Wir suchen da nicht die Schuld bei den Piloten, ganz sicher. Es ist eine Charakteristik des Motorrads.
Wir haben in der Woche vor dem Brünn-GP unser Hauptaugenmerk darauf gerichtet, schnellere einzelne Runden fahren zu können. Deshalb haben wir bei Stefan am Freitag ein neues Setting probiert, dass sich bewährt hat.
Wir haben eine Charakteristik in der Dämpfung hinten, die nicht den perfekten Grip erzeugt. Das heisst aber auch: Wenn wir das Maximum aus den weichen Reifen rausholen könnten, würden wir wahrscheinlich nicht in der Lage sein, in den Rennen immer mit dem weichen Hinterreifen zu fahren, was wir bis jetzt getan haben.
Wenn wir hinten mehr Grip hätten, würden wir eventuell in den Rennen den weichen Hinterreifen zerstören. Aber wir könnten dafür einen Schritt nach vorne im Qualifying machen. Darum bemühen wir uns jetzt. Das ist unser Ziel. Wir haben am Samstag einen weiteren Schritt probiert.
Es ist nicht leicht, hier zu identifizieren, wie wir vorgehen müssen. Aber wir glauben, wir haben einen guten Weg gefunden.
Die Motorleistung ist ebenfalls sehr wichtig. Davon kann man nie genug haben. Wir sind in diesem Punkt nicht die Stärksten, das wissen wir.
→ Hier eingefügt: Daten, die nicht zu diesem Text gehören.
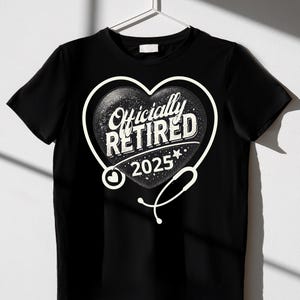 Puede incluir: Camiseta negra con un gráfico blanco de un corazón con un estetoscopio. El corazón tiene el texto "Officially Retired 2025" en su interior.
Welche Fortschritte lassen sich 2016 bei der Motorleistung noch erzielen?

Schwierig zu sagen. Aber ich denke, wir könnten bis zum Saisonende noch mindestens 10 PS finden.

Diese 10 PS würden auch im Qualifying nützlich sein?

Ja, sie würden uns überall helfen.

Ducati holte in Österreich in drei Kurven beim Beschleunigen dank der Power insgesamt fast eine Sekunde auf alle Gegner heraus – durch die perfekte Beschleunigung. Cal Crutchlow sagte, das sei eine geschenkte Sekunde, die sich nicht wettmachen lässt.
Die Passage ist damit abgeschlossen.